Grimshaw told us that the ship-shaped building was a response to the topography of the site, and the desire to make the building transparent. Whatever the intention, the press embraced what they saw as alluding to Plymouth’s proud seafaring past. ‘The Western Morning News building has become a spectacular ship-shaped Plymouth landmark and an architectural icon,’ said Building. ‘It has a gang plank entrance and a crow’s nest high on a mast overhead … Even marine style rigging appears in the external cladding …’ By 1996, tours of the building were reportedly booked up for months in advance. The building was used as a ‘brand’ to advertise the paper and as the company logo. The boardroom was often used by city councillors for meetings in preference to the Civic Centre.
There has been considerable interest and local support for our campaign – quite unusual in our experience for a building of this date. Local people held a protest outside the building against demolition, and architects, academics and architectural historians have backed the campaign to save it.
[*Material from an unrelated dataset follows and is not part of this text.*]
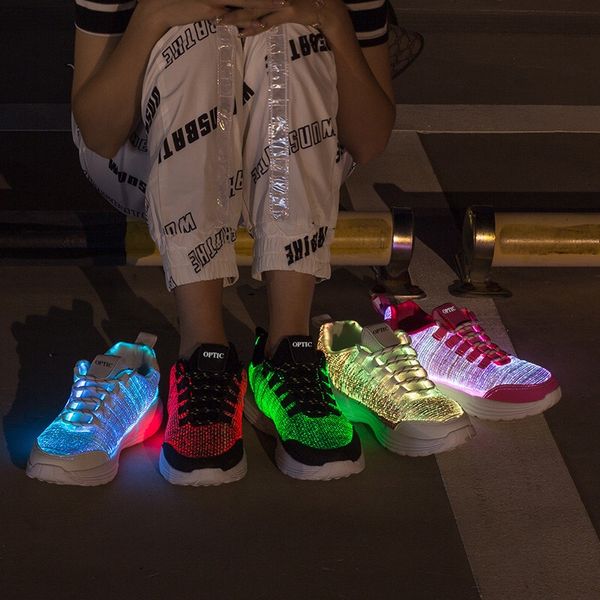 LED кроссовок обуви Мода Luminous Чистка Мужчины Женщины Стильные кроссовки Дешевые Открытый обувь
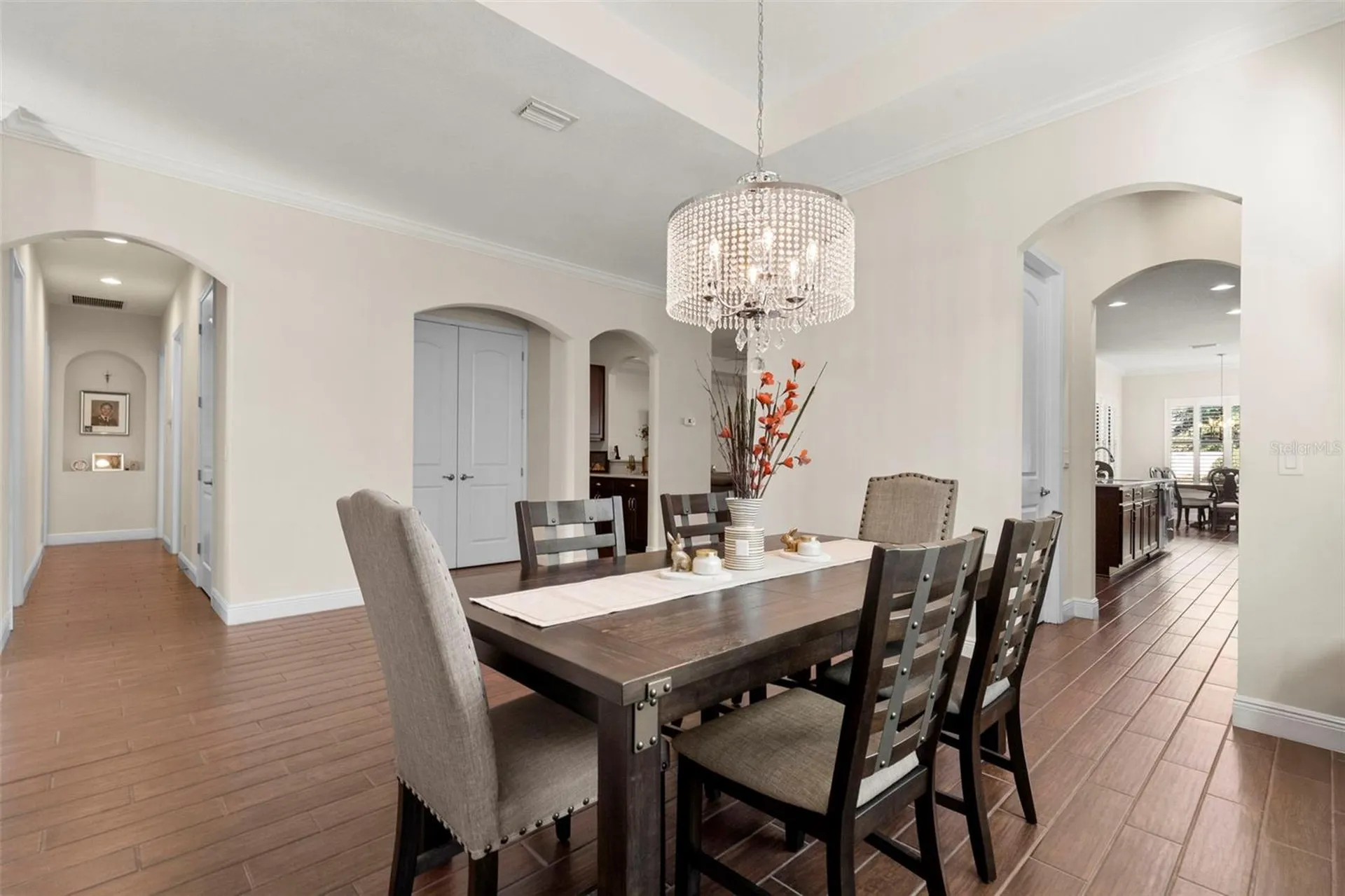 5134 Lakecastle Drive Tampa FL 33624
These include Lord Richard Rogers and Sir Michael Hopkins; Professor Sir Peter Cook, Sir Tim Smit (co-founder of the Eden Project), Marcus Binney (President of SAVE Britain’s Heritage), Bob Brown, Head of Architecture at the University of Plymouth, and the Plymouth Architectural Trust.
We believe the building is highly significant – it stands out across the city as a building of remarkable quality by one of Britain’s most important 20th century architects. In terms of commercial building design, there is nothing comparable in Plymouth from the 1990s. Listing is now the only option to stop any future plans for demolition; the building lies outside a conservation area and is not locally listed. National designation would trigger the requirement for an application for listed building consent and the full scrutiny of the planning process, and consent for the complete demolition of Grade II* buildings is fortunately very rare.
Such listing does not prevent adapting the building to a new use while preserving its character and special interest, and we are confident that this can be achieved.
Sir Nicholas Grimshaw has written to Historic England outlining seven different alternative uses for the building, from a hospital or university facility to offices.
In their recommendation report, Historic England said: ‘For its pioneering use of materials, its striking design, its innovative planning of office and printing work functions, its successful integration with landscape and its degree of survival, the Western Morning News building should be listed at Grade II*… We have no doubt as to the special interest of the building, the significance of the architect and of this building within his oeuvre.’ We hope the new Secretary of State takes Historic England’s advice, and makes a swift decision.
There is another reason to be optimistic: as we went to press, it was announced that a local developer had bought the building, and, according to reports, welcomes moves to list and protect it. They plan to convert it to an ‘office hub’, so perhaps the Council will have the opportunity to rent space here again – this time in a Grade II* listed landmark that is both celebrated and cherished.